Prep Time 15 minutes
Cook Time 25 minutes
Total Time 40 minutes
Servings 4 servings
Calories 300 kcal

Ingredients
  

  • 2 medium sweet potatoes peeled and cubed
  • 1 cup red lentils rinsed
  • 1 large onion finely diced
  • 3 cloves garlic minced
  • 1 tablespoon fresh ginger grated
  • 2 tablespoons curry powder
  • 1 teaspoon ground cumin
  • 1 can 400ml coconut milk
  • 2 cups vegetable broth
  • 2 tablespoons olive oil
  • 1 cup fresh spinach optional
  • Salt and pepper to taste
  • Fresh cilantro for garnish

Instructions
 

  • Heat olive oil in a large pot over medium heat.
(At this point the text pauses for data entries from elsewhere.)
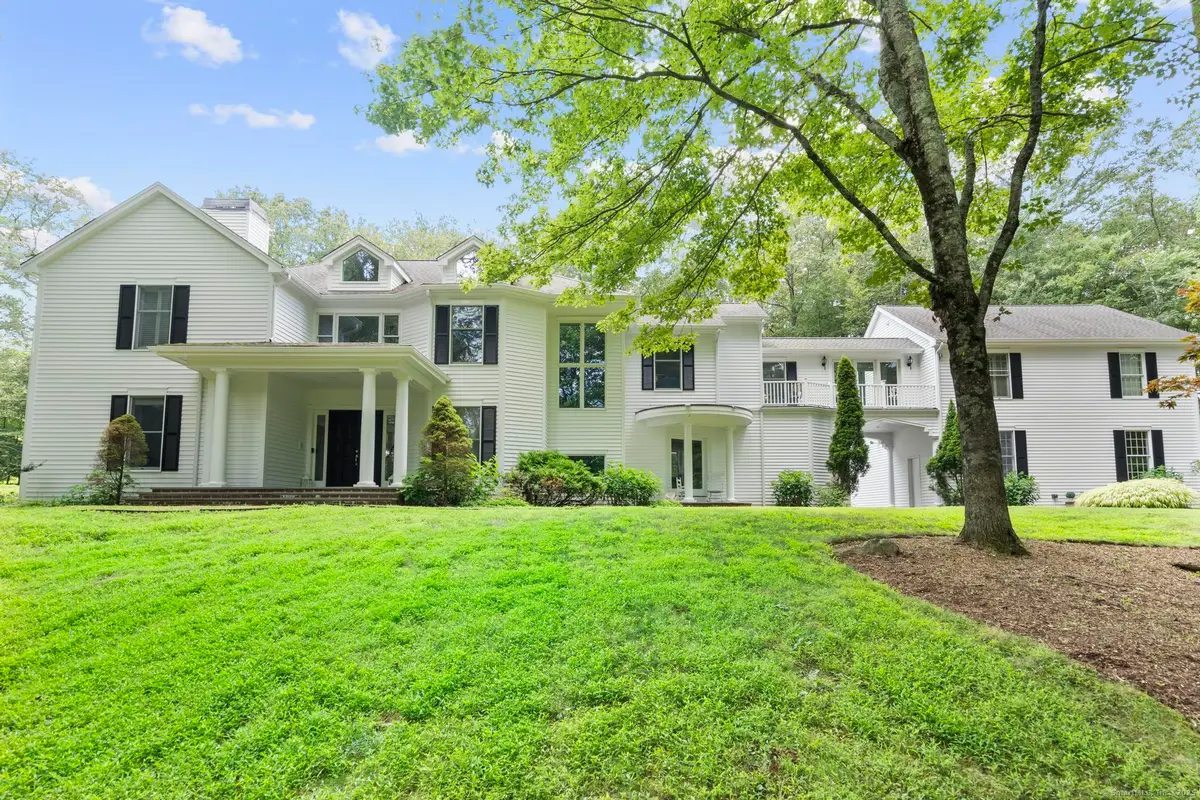 101 Brambley Hedge Circle, Fairfield, CT 06824 - Image #1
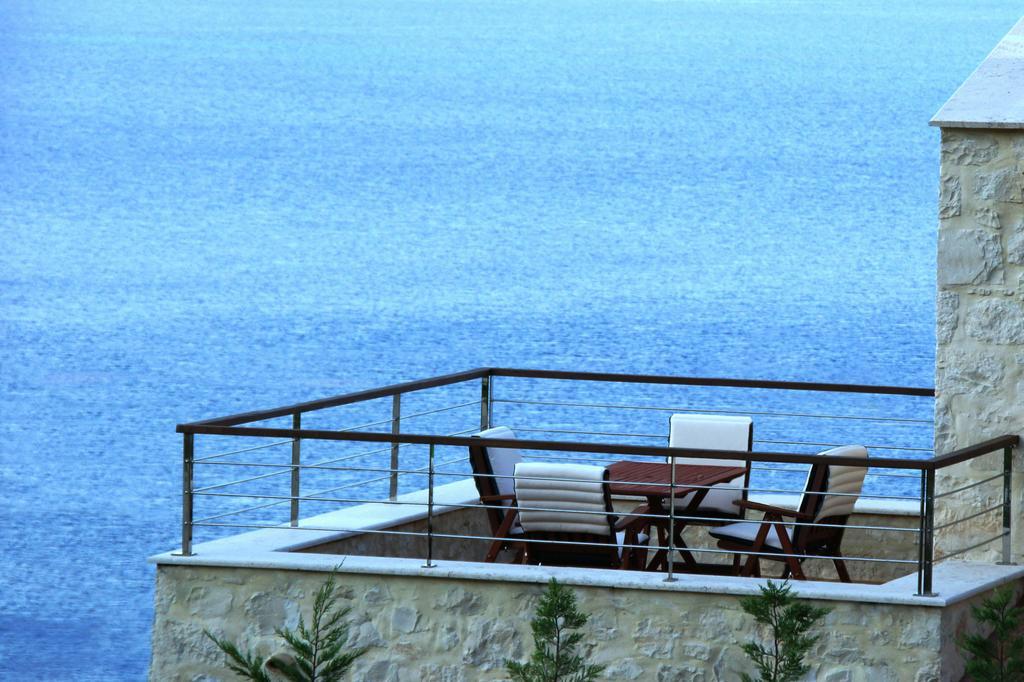 Exensian Villas & Suites Marathias  Exterior photo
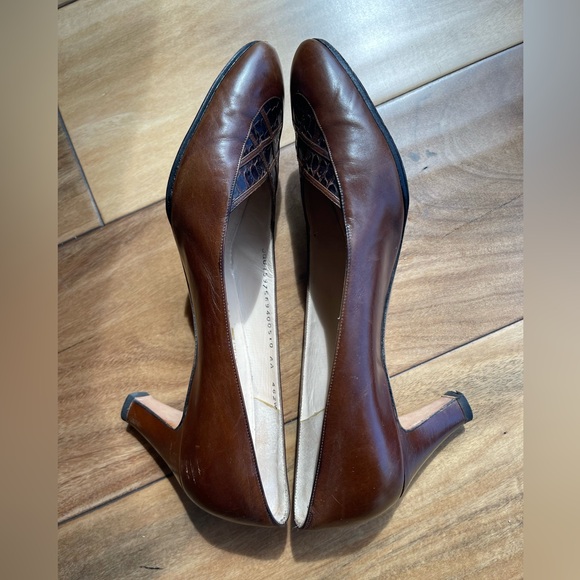 Vintage Ferragamo brown leather heels - Picture 2 of 6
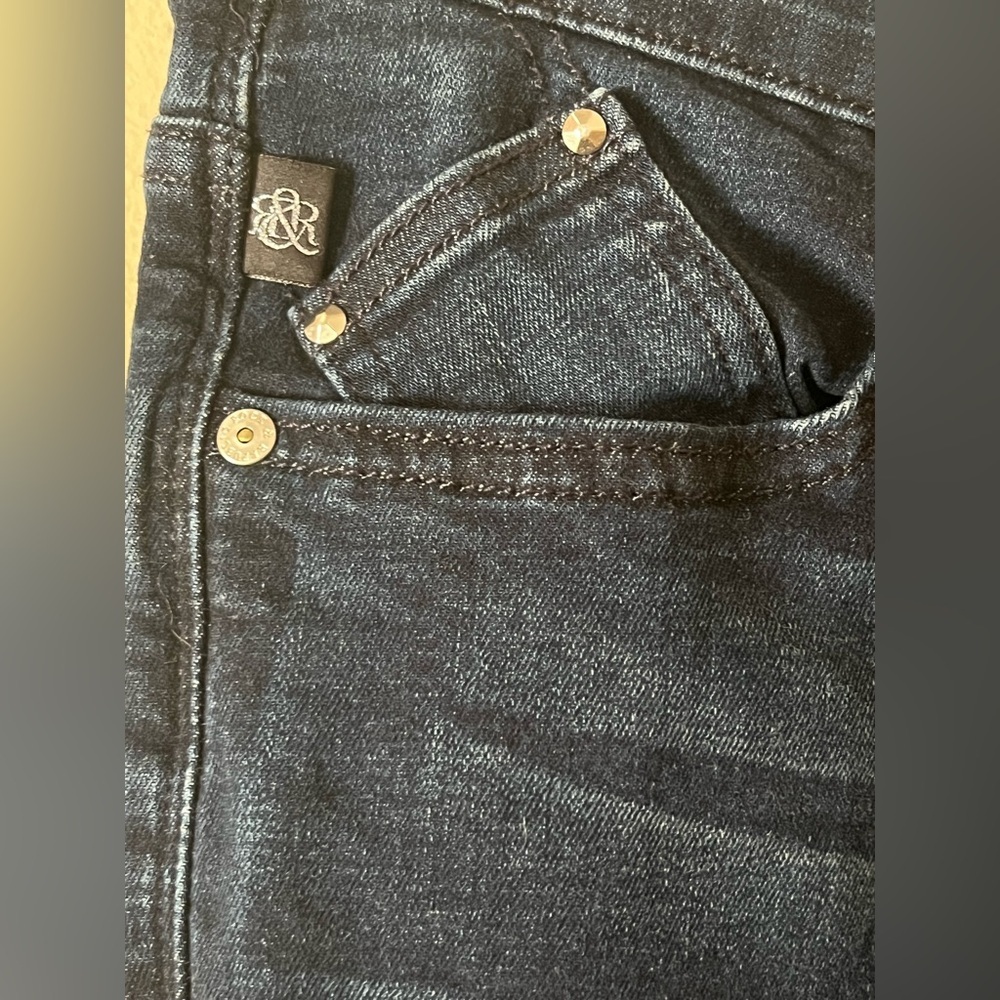 Rock & Republic Skinny Jeans Dark Wash Stretch Denim Zip Pocket Detail- Size 10 - Picture 3 of 5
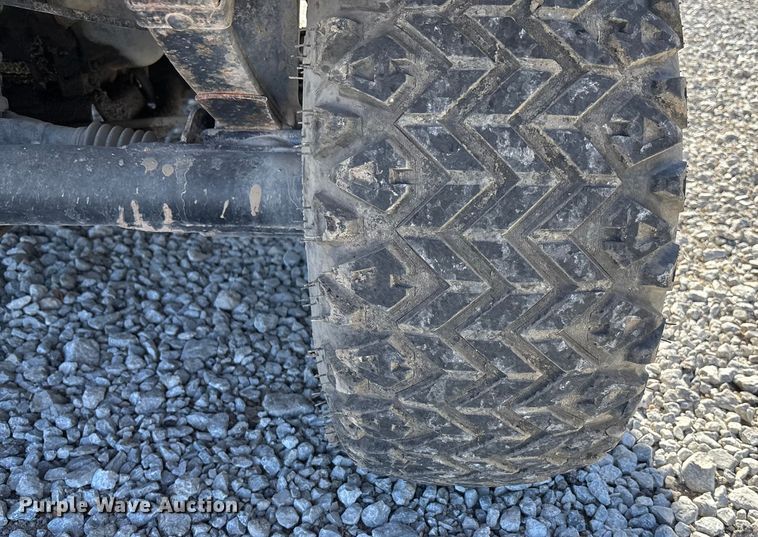 image for item EE4320 2007 Kawasaki Mule 3000 utility vehicle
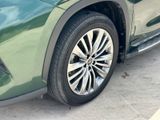 Used 2024 Toyota Highlander SUV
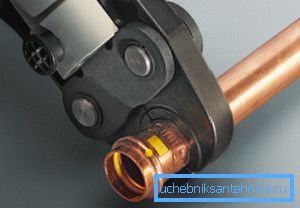Los productos se sellan al engarzarlos con pinzas especiales, las instrucciones le indicarán cómo hacerlo correctamente. Los productos se sellan al engarzarlos con pinzas especiales, las instrucciones le indicarán cómo hacerlo correctamente.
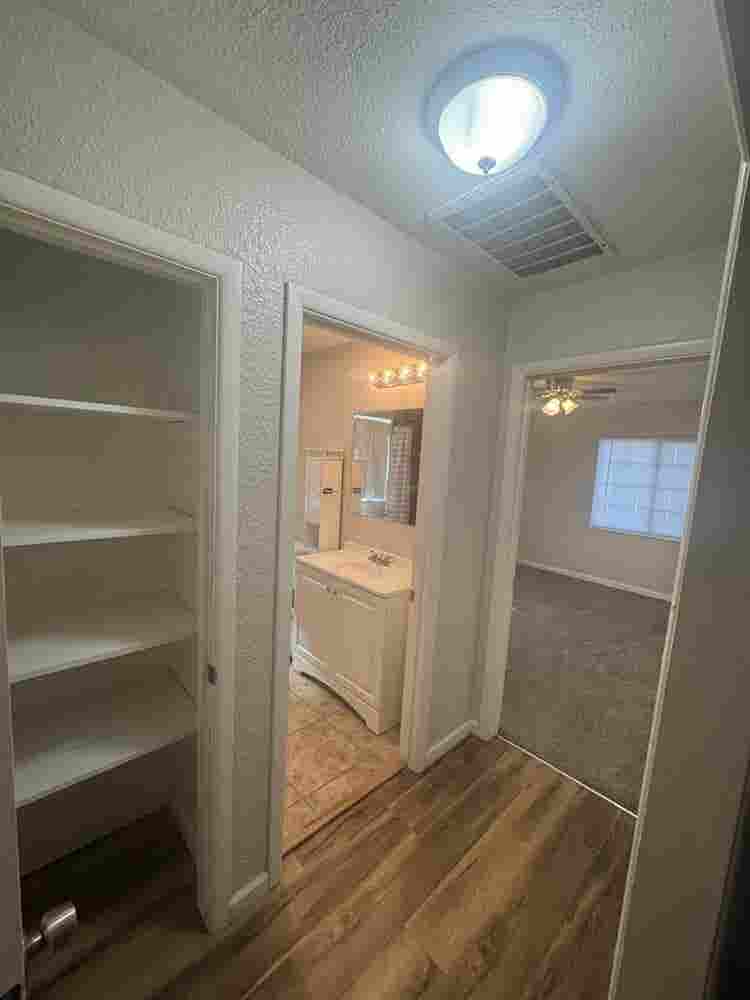 Large Stockton Room for Rent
Add onions and cook until translucent, about 5 minutes.
  • Add garlic and ginger, sautéing for another minute until fragrant.
  • Stir in curry powder and cumin, cooking for 30 seconds to bloom the spices.
  • Add sweet potato cubes and lentils, stirring to coat with the spices.
  • Pour in coconut milk and vegetable broth, bringing the mixture to a boil.
  • Reduce heat, cover, and simmer for 20-25 minutes until sweet potatoes are tender and lentils are cooked through.
  • If using spinach, stir it in during the last 2 minutes of cooking.
  • Season with salt and pepper to taste.
  • Garnish with fresh cilantro before serving.